In merito alla possibilità di contestare le scelte didattiche dell’insegnante, occorre ricordare che l’art. 33 della Costituzione della Repubblica tutela la libertà di insegnamento: le decisioni del docente su cosa e come insegnare sono inappellabili ed indiscutibili. D’altro canto, se si potesse mettere in discussione le scelte del docente, questi non potrebbe insegnare più nulla perché riceverebbe dei “veto” su qualsiasi cosa. In effetti, non occorre nasconderlo, non c’è democrazia in classe e non ci può essere. L’esistenza della democrazia prevede che ci sia parità fra gli attori, ma in classe sulla cattedra abbiamo un docente vincitore di un concorso pubblico, professionista con grande esperienza lavorativa ed una cultura da diffondere, mentre sui banchi abbiamo 20 o 30 bambini che sono in classe per imparare e sono vogliosi di farlo: non c’è alcuna parità e conseguentemente non ci può essere democrazia, per cui ciò che il docente decide, per il bene della didattica, non si discute, come non si discutono tutti i progetti gratuiti cui il docente in classe decide di svolgere, in quanto ogni insegnate ha la facoltà e la libertà di decidere cosa sia meglio fare per la propria classe, in virtù della libertà di insegnamento.

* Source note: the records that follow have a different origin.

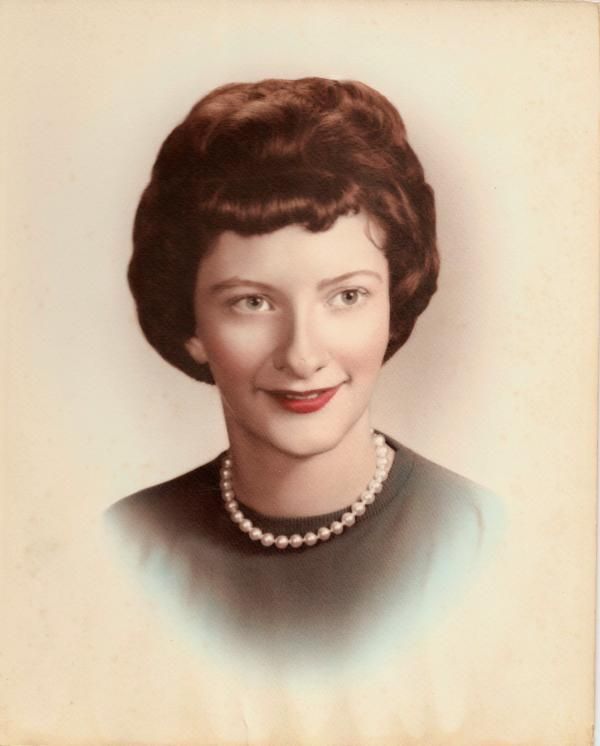 Betty Mccleery - Class of 1962 - Wayne Memorial High School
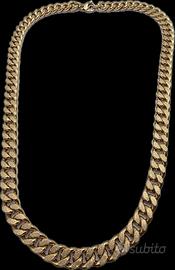 COLLANA UNISEX ORO 36.5 g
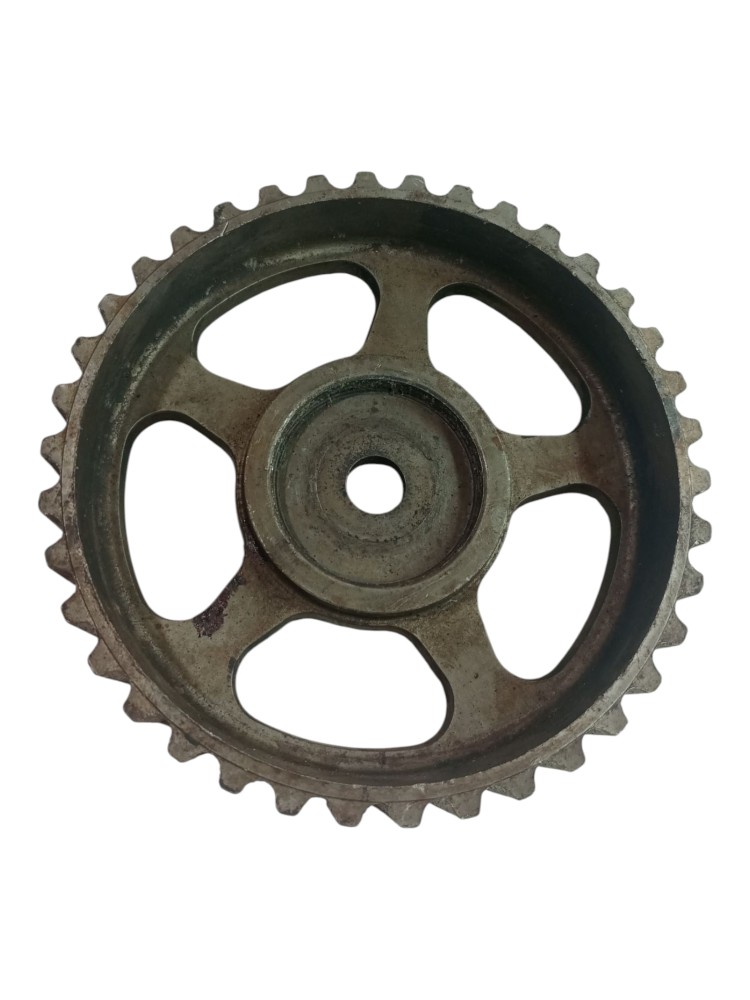 Polia Comando Valvulas Ford Escort Zetec 97 99 2001 2007 6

D’altro canto la cultura non è sottrattiva, non si insegna nascondendo o togliendo concetti e conoscenza, ma anzi mettendo a confronto e portando nuove informazioni e nuove idee. Se imparare una lingua in più è una cosa positiva, che aiuta la comprensione della stessa propria lingua (solo un ignorante o chi sia in malafede potrebbe negarlo), la conoscenza di una civiltà, della quale sia portatore un nostro compagno di banco è un accrescimento inimmaginabile. Ma forse il fatto che proprio quel partito che si oppone al corso di romeno, sia lo stesso che ha saputo solo fare tagli a questa nostra Scuola (che ora, se vuole fare una didattica più simile a quella delle scuole private di èlite frequentate dai figli di alcuni politici, deve elemosinare fondi dai genitori) la dice lunga sul loro concetto di cultura e istruzione.
Cercare il “nemico” fuori dal proprio gruppo o dal proprio Paese serve a deviare l’attenzione da altro, nascondendo il vero nemico che è invece in casa propria, parla la nostra stessa lingua e ci tratta da incapaci mettendoci in testa le sue parole perché non siamo in grado di formularne di nostre. Nel momento in cui i cittadini cominceranno ad usare il proprio cervello, invece di appoggiarsi a quello degli altri, la società diverrà migliore e sempre meno persone potranno approfittarsi del prossimo.
Certamente non è poi da dimenticare che per gli italiani non esistono realmente degli “stranieri” perché l’Italia è stato sempre un Paese che ha attirato persone da altre nazioni, sia per guerra che per amore, ed è realmente impossibile avere un italiano che sia di sangue puro, proveniente direttamente da quello degli antichi romani.
Che magari non sia stato tempisticamente adeguato proporre il corso anche al “Ladispoli 1”, o meglio renderlo noto, visto che già si svolgeva da tempo anche lì, potrebbe essere vero. Ma il punto è che a me non piace nascondere ciò che fa la Scuola, perché è dalla non conoscenza del lavoro che questa svolge che nasce la denigrazione per i docenti e per il lavoro immenso che svolgono a favore dei bambini e dell’Italia del futuro, e tutto per uno stipendio inadeguato alla loro passione ed al loro impegno. Inoltre io non faccio politica e quindi non mi interessa minimamente di imbrogliare o risultare simpatico a persone cui non devo chiedere alcun voto, a me interessa solo il sorriso dei bimbi quando entro in classe, interessa sapere che ho lavorato per il loro bene.
Infine, occorre notare che la Scuola svolge lo stesso lavoro di diffusione della democrazia che svolgono i giornalisti pubblicando notizie e conoscenza, per consentire a ciascuno di comprendere e ragionare con la propria testa. Dal canto nostro non posso nascondere che l’azione scolastica è Politica, ma nel senso alto del termine: lo è nel senso che ci prefiggiamo l’obiettivo della pace e della fratellanza e ci muoviamo in questo senso. Questo a mio parere è Politica, con la “P” maiuscola, mentre la politica con la “p” minuscola deve stare fuori dalla Scuola, quella stessa scuola da dove, ad ascoltare certe persone che non gradiscono la nostra didattica, ma vorrebbero imporre la loro scelta, sembra non ci siano mai andate.